Supplied material:
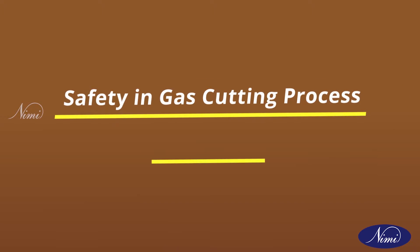On behalf of NIMI, I welcome you all to the well-rated video session. I am JJ Prakash from NST Chennai. Today, I am going to explain safety in the gas cutting process.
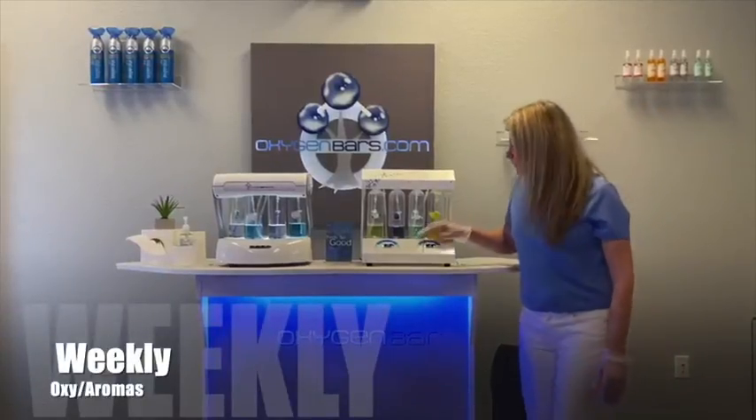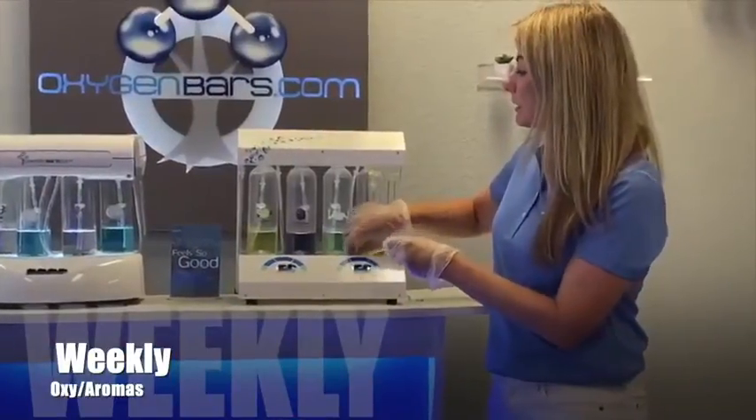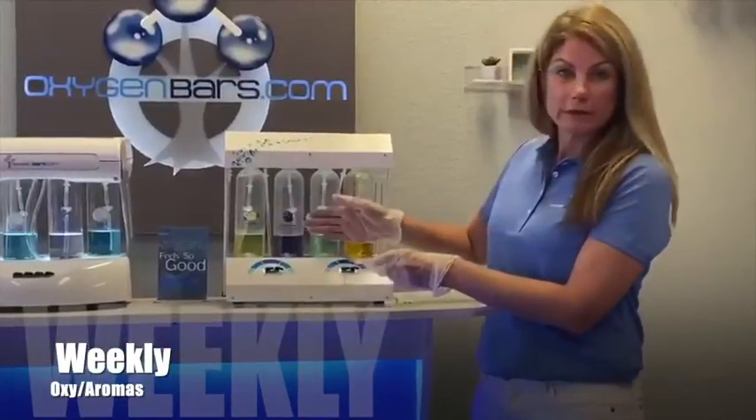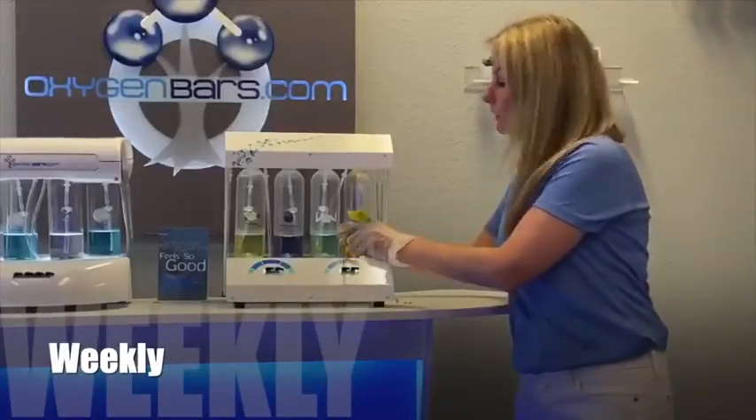For your delivery stations, you just want to test the strength of the aromatherapy. Turn it on and inhale it. If you feel like the aromatherapy is strong, then you leave it there. If you feel like it is weak, you take out your weaker aromatherapy.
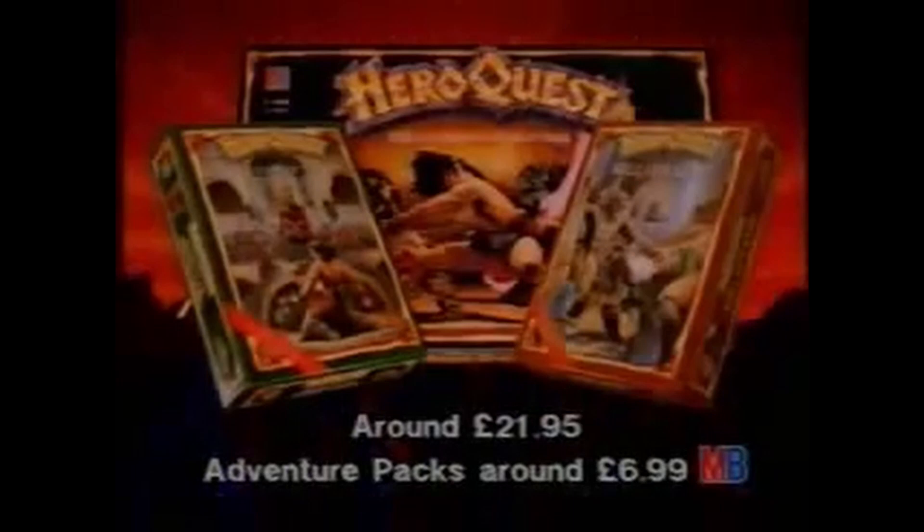Deep inside another dimension, face battling barbarians and evil magic on a quest for adventure in a maze of monsters. Once you get into it, you'll never be the same. HeroQuest. Now, with two new adventure packs, the legend grows.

Your assignment: Reproduce all of the data exactly; the pictures do not belong in the copy.

Result:
On behalf of NIMI, I welcome you all to the well-rated video session. I am JJ Prakash from NST Chennai. Today, I am going to explain safety in the gas cutting process.
For your delivery stations, you just want to test the strength of the aromatherapy. Turn it on and inhale it. If you feel like the aromatherapy is strong, then you leave it there. If you feel like it is weak, you take out your weaker aromatherapy.
Deep inside another dimension, face battling barbarians and evil magic on a quest for adventure in a maze of monsters. Once you get into it, you'll never be the same. HeroQuest. Now, with two new adventure packs, the legend grows.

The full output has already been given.